Another thing, you'd have to enclose the whole routine (not just the header) with this option since the fact that parameters are unused turns out at the end of the routine (unless you put the directive around the final `end;' or such which also obscures the matter).
That would indeed obscure the matter. What I like about Pascal is writing software that achieves the highest possible degree of transparency and translucency. A Pascal algorithm shouldn't be a bunch of tricks but an elegant expression of clear logical ideas. So, in this case, if we want the advantages of unused-parameter checking, we need a way to say "hey, this is a routine with unused parameters" or "hey, this parameter is unused". That information belongs in the header, not in the body. Next, it is a matter of compiler implementation to use that information to do the actual unused-parameter check in the body (or not). The compiler could/should remember all information specified in the header, including compiler directives.
It seems you misunderstand what compiler directives are or how they work. Compiler directives (as in GPC, and AFAIK also BP, Delphi and other compilers) switch certain compiler settings *while* the source is being processed.
The `-Wunused...' options mean (by definition) "warn about all undefined ...'s". Making it a compiler directive would then mean "warn about all undefined ...'s while the directive is turned on".
You may wish that it would mean "warn about all undefined ...'s that were declared while the directive was turned on", but that's not the way it works.

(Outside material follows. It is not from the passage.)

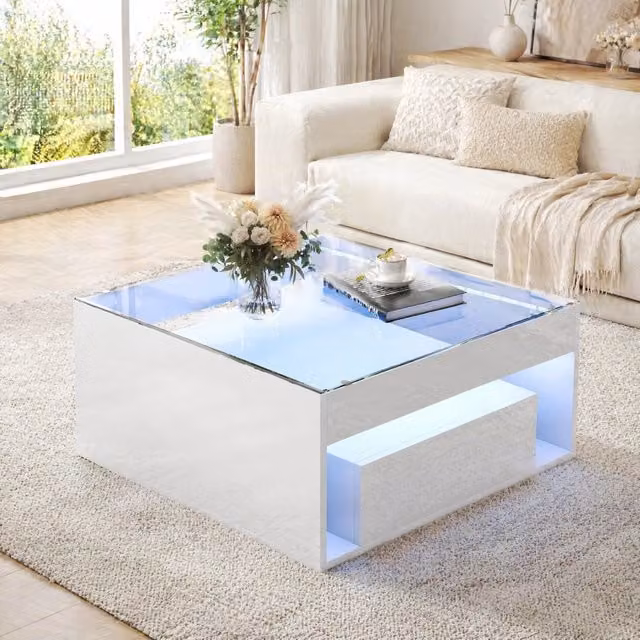 Tavolino da salotto moderno MODFU bianco con piano in vetro temperato e 2 cassetti L/P/H: 70 x 70 x 35 cm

What's more like what you have in mind might be attributes on the parameters, as e.g. the GNU C compiler allows for. I've also thought about them in this context, and probably we could implement them. The disadvantages I see are (a) it adds another bit of extra nonstandard syntax (even if the attribute syntax is already there in GPC, adding another place where it's allowed means new syntax), (b) it doesn't care take of discarding function results, so we'd still want to add another thing. (I'd rather add one general thing than several more specific things, and again, adding a built-in "procedure", even with nonstandard semantics, is a less severe change than adding new syntax.)
In addition, since I sometimes want to discard other values (function results), it might be preferable to do both things with a common syntax.
Discarding a mechanical result value, actually returned by a function, is something completely different from the logical specification of an unused parameter. Nothing is discarded in the latter case.
Sure, something is discarded! The caller passes some value (or reference) in the parameter, and the called routine discards this value.